Syria Intelligence & Security Agencies
The role of the security services extends far beyond strictly security matters under a continuing state of emergency originally declared by the government in 1963. The Emergency Law was justified on the basis of the conflict with Israel and threats from terrorist groups. Since independence, Syria's police and internal security apparatus have undergone repeated reorganization and personnel changes, reflecting the security demands of each succeeding regime.
In the 1950s Syria’s 5,000 non-military internal security forces included a National Gendarmérie of 2800, a Desert Patrol of 400 and 1800 police. The gendarmérie and police were disposed in strategically located posts throughout the country. One desert patrol company was located in Central Syria and the other in Eastern Syria. Equipment was primarily small arms with very few crew-served weapons and no artillery or armored vehicles. The standard of training was very low and the police and gendarmérie were generally inefficient.
In addition to the uniformed police described above, the police services include the Sûreté – a plain-clothes service of 300 men having certain intelligence functions, such as collection of political intelligence, counter-espionage, and control of foreigners within Syria.
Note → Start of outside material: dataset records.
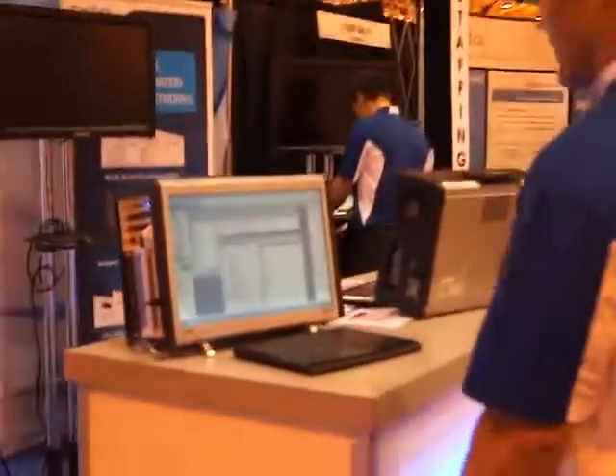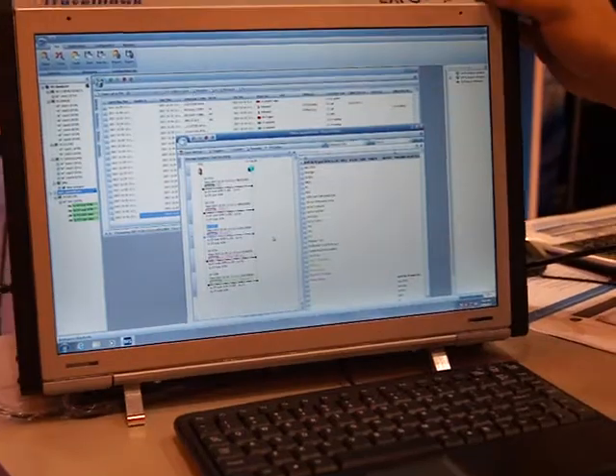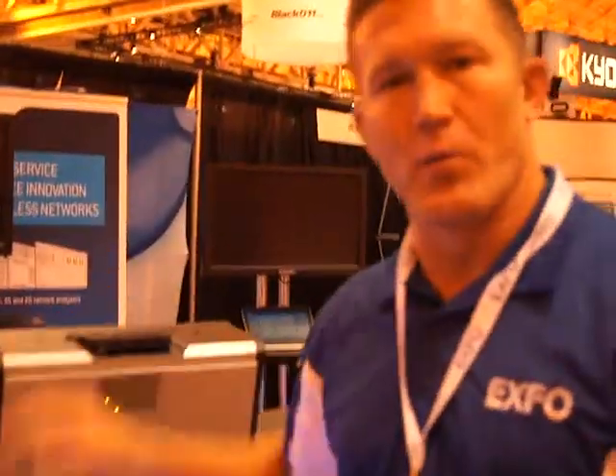Over here we've got for higher protocol, both LTE and legacy focused test equipment for monitoring, troubleshooting, optimization, and service assurance, as well as a more system-wide analysis tool for the same thing.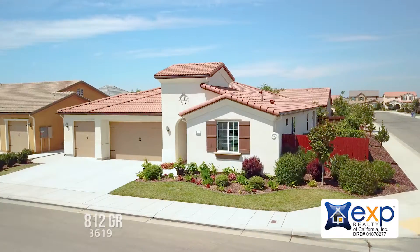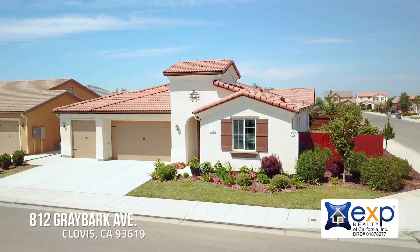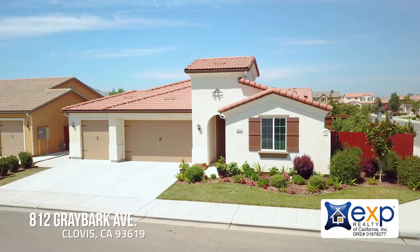Hi, I'm Jeannie Carr. We just listed 812 Greybark Avenue in the Loma Vista area of Bullard and DeWolf.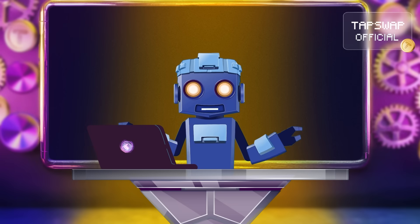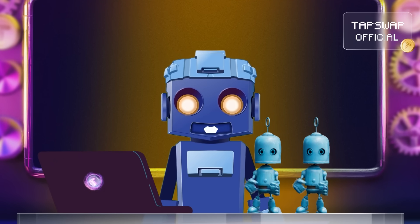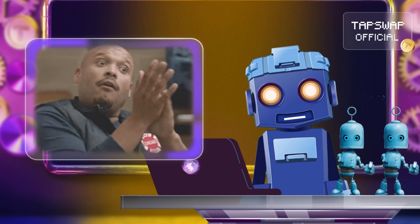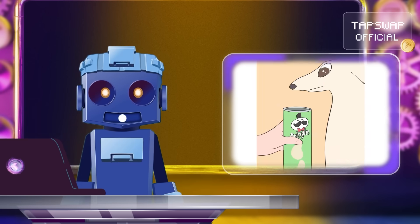Validiums are like the super efficient robo-assistants of Ethereum. They handle most of the heavy lifting off-chain, making Ethereum faster and more cost effective. Allow me to break this down for you.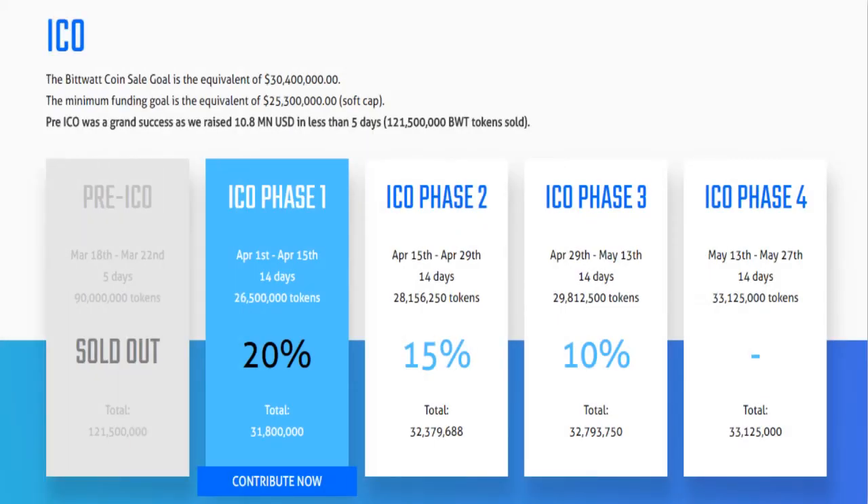ICO: The BitWatt coin sale goal is the equivalent of $30,400,000. The minimum funding goal is the equivalent of $25,300,000. The softcap pre-ICO was a grand success as we raised $10.8 million in less than 5 days.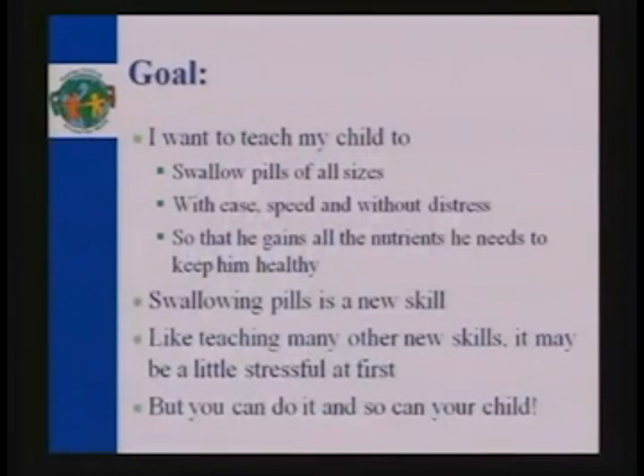The goal is to teach my child to swallow pills of all sizes with ease, speed, and without distress, so that he can get all the nutrients he needs. This is considered a new skill, so like teaching anything else, it's going to be a little bit difficult at first.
The Sûreté, partly because of internal organizational difficulties and partly because of the mass use of untrained informers, does not produce high-quality, domestic intelligence.
To some extent its counter-subversive activities clash with those of the Deuxieme Bureau (Intelligence Branch) of the Army General Staff. The Deuxieme Bureau also operated agent and informer nets which conducted espionage and counter-espionage operations, gathered political information and conducted surveillance on foreigners. Both the positive and the counter-espionage activities of the Deuxieme Bureau suffered from lack of trained personnel and from frequent changes in leadership.
Duplication, misplacement of effort and indiscriminate compiling of information of dubious value were the result. Both the Sûreté and the Deuxieme Bureau were believed to possess fairly comprehensive files on Communists, but the majority of these were out of date. Local security officers continued to utilize their agents and activities against the CPS and were believed to keep generally informed of the Communist Party membership, organization and activities.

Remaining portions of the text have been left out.